**Work required**
An exact transcription of all the records below is required, without any images.

Start of Materials provided

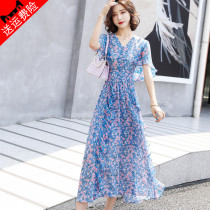 2022 Summer big code Retro high-end medium long style Temperament Celebrities womens clothing High level Sensation Casual Goddess Van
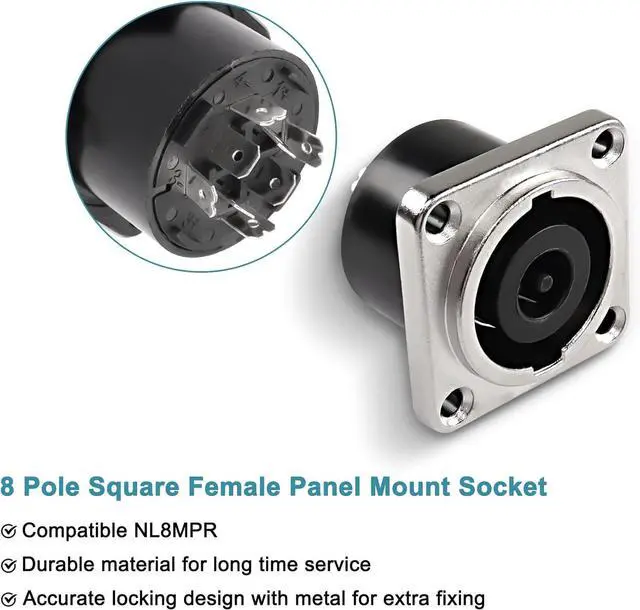 Alt view image 2 of 7 - NL8MPR Speakon Panel Mount Socket Connector 8 Pole Female Audio Speakon Square Jack D-Type Silver-Plated Twist Lock Adapter for NL8FC, NL8FX, NLT8X, NL8FC, NL8FX (2PCS)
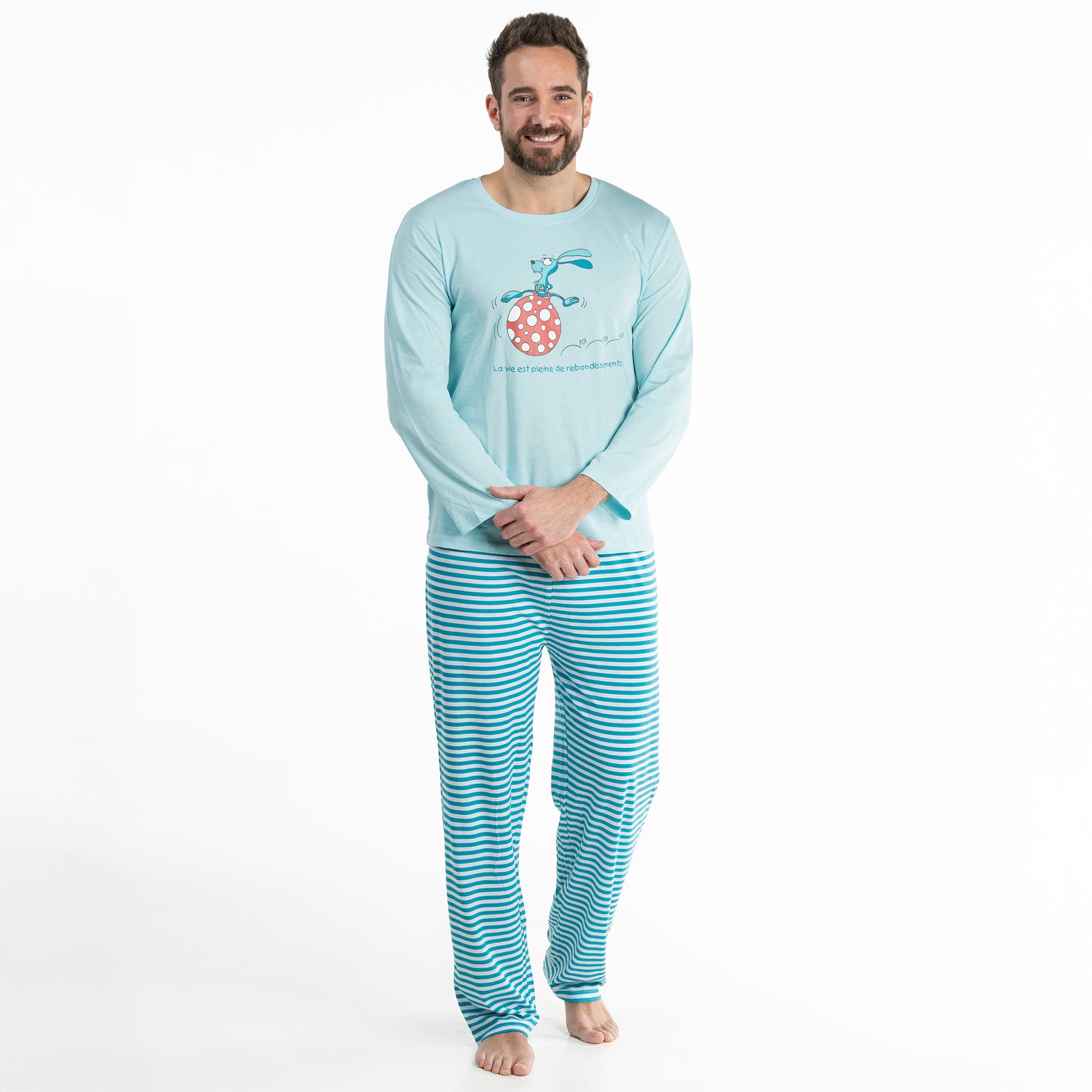 Pyjama Long - Homme - Bleu Eau Claire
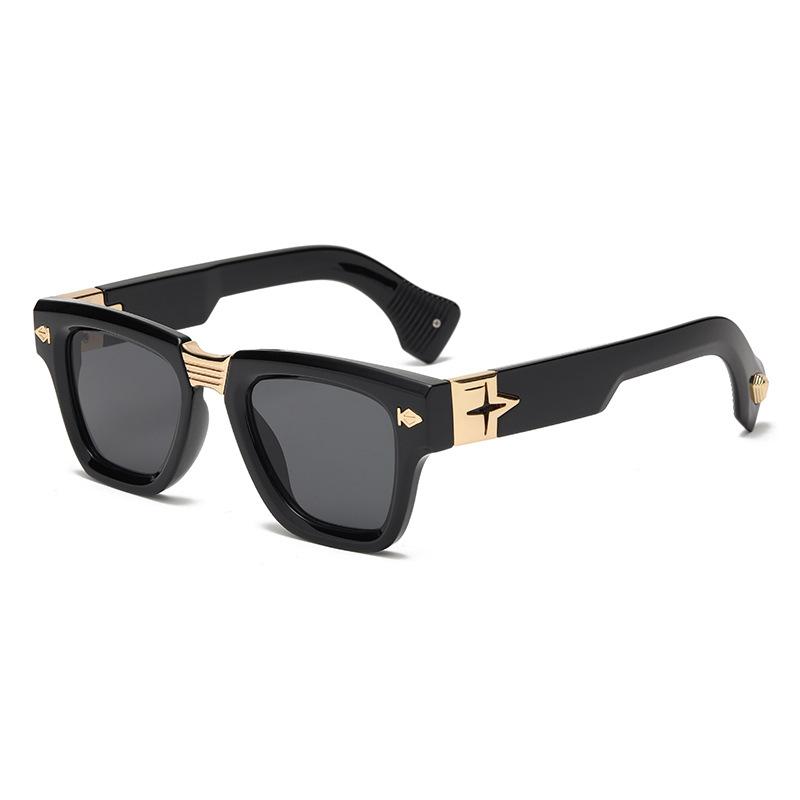 Black frame color-changing glasses, square frame metal star decorative flat mirror, automatic photosensitive color-changing anti-blue light plain fra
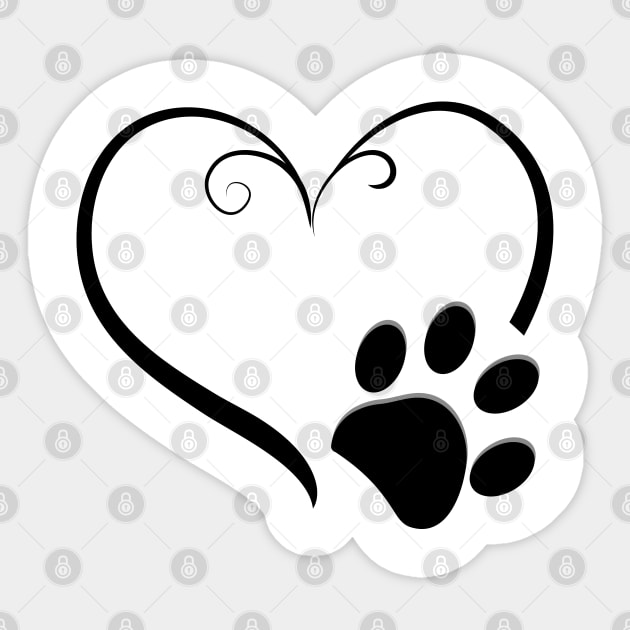 Dog paw print with heart symbol Sticker by GULSENGUNEL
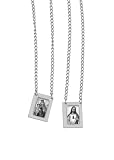 Stainless Steel Square Scapular Black and White - Made in Brazil
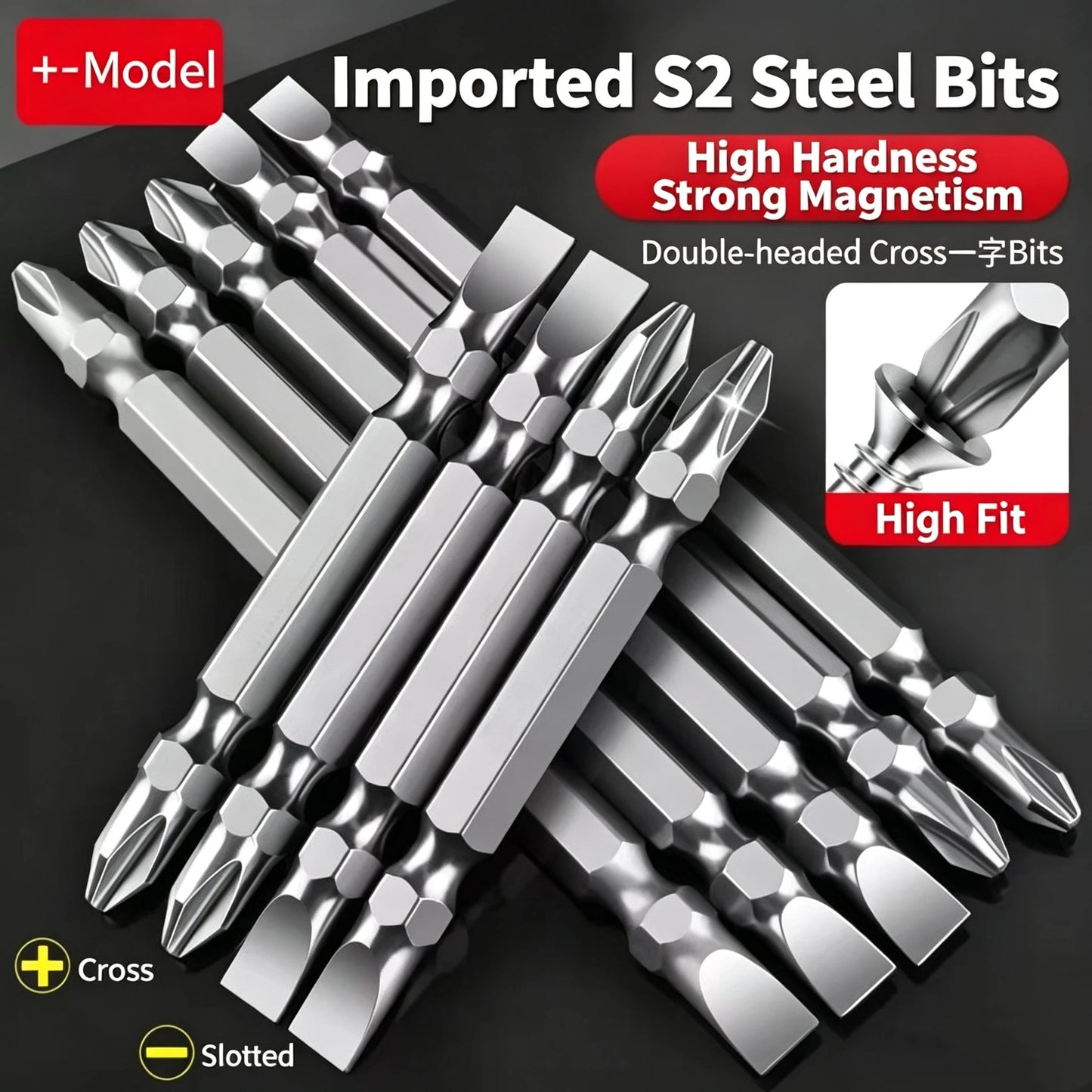 Premium S2 Alloy Steel 2-in-1 Screwdriver Bits High Hardness Strong Magnetic Cross Slotted Bit Set for Home & Car Repair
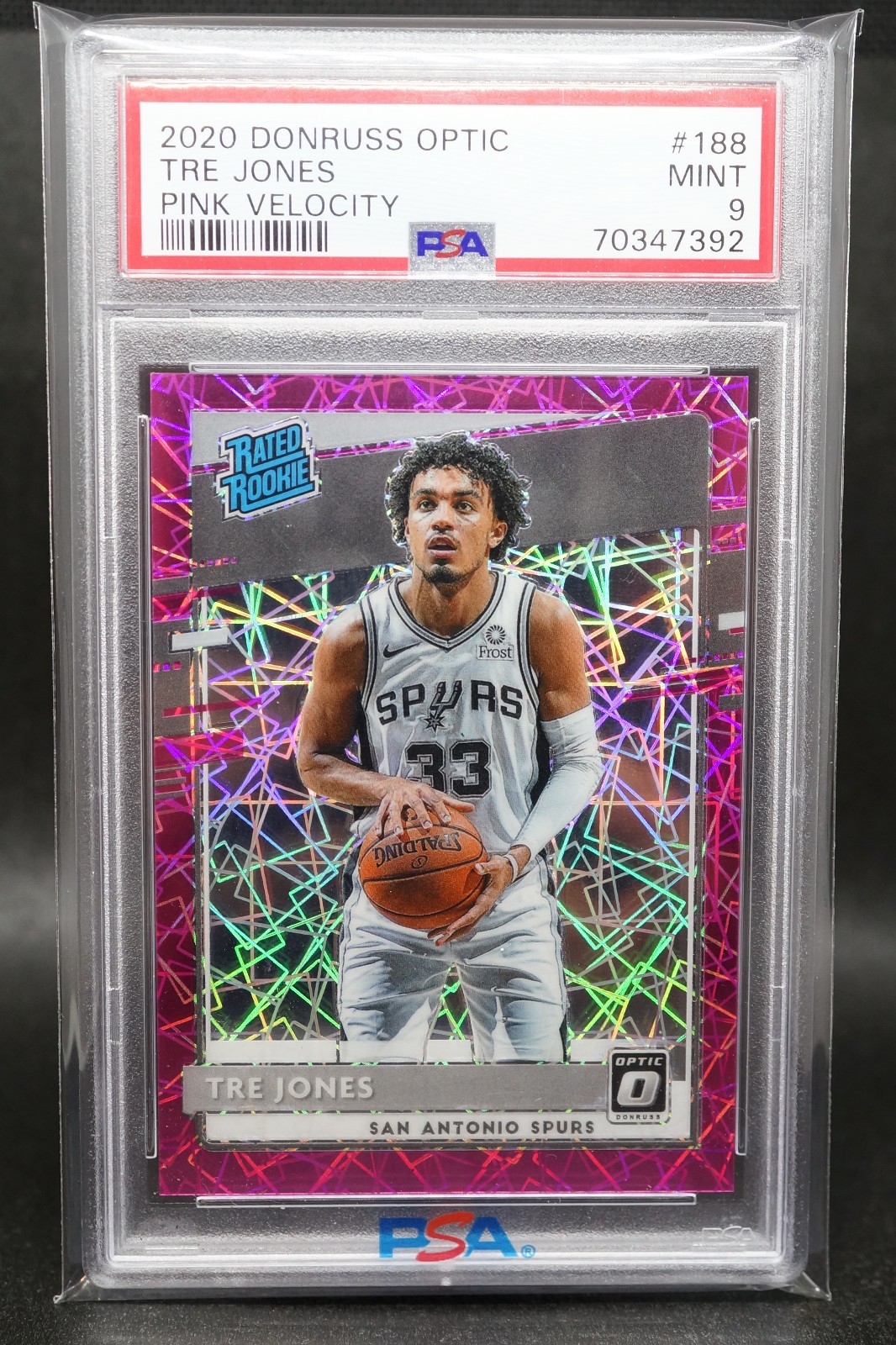 2020-21 NBA Donruss Optic Tre Jones Rated Rookie #188 Pink Velocity 25/79 PSA 9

End of Materials provided

**Result**
 2022 Summer big code Retro high-end medium long style Temperament Celebrities womens clothing High level Sensation Casual Goddess Van
 Alt view image 2 of 7 - NL8MPR Speakon Panel Mount Socket Connector 8 Pole Female Audio Speakon Square Jack D-Type Silver-Plated Twist Lock Adapter for NL8FC, NL8FX, NLT8X, NL8FC, NL8FX (2PCS)
 Pyjama Long - Homme - Bleu Eau Claire
 Black frame color-changing glasses, square frame metal star decorative flat mirror, automatic photosensitive color-changing anti-blue light plain fra
 Dog paw print with heart symbol Sticker by GULSENGUNEL
 Stainless Steel Square Scapular Black and White - Made in Brazil
 Premium S2 Alloy Steel 2-in-1 Screwdriver Bits High Hardness Strong Magnetic Cross Slotted Bit Set for Home & Car Repair
 2020-21 NBA Donruss Optic Tre Jones Rated Rookie #188 Pink Velocity 25/79 PSA 9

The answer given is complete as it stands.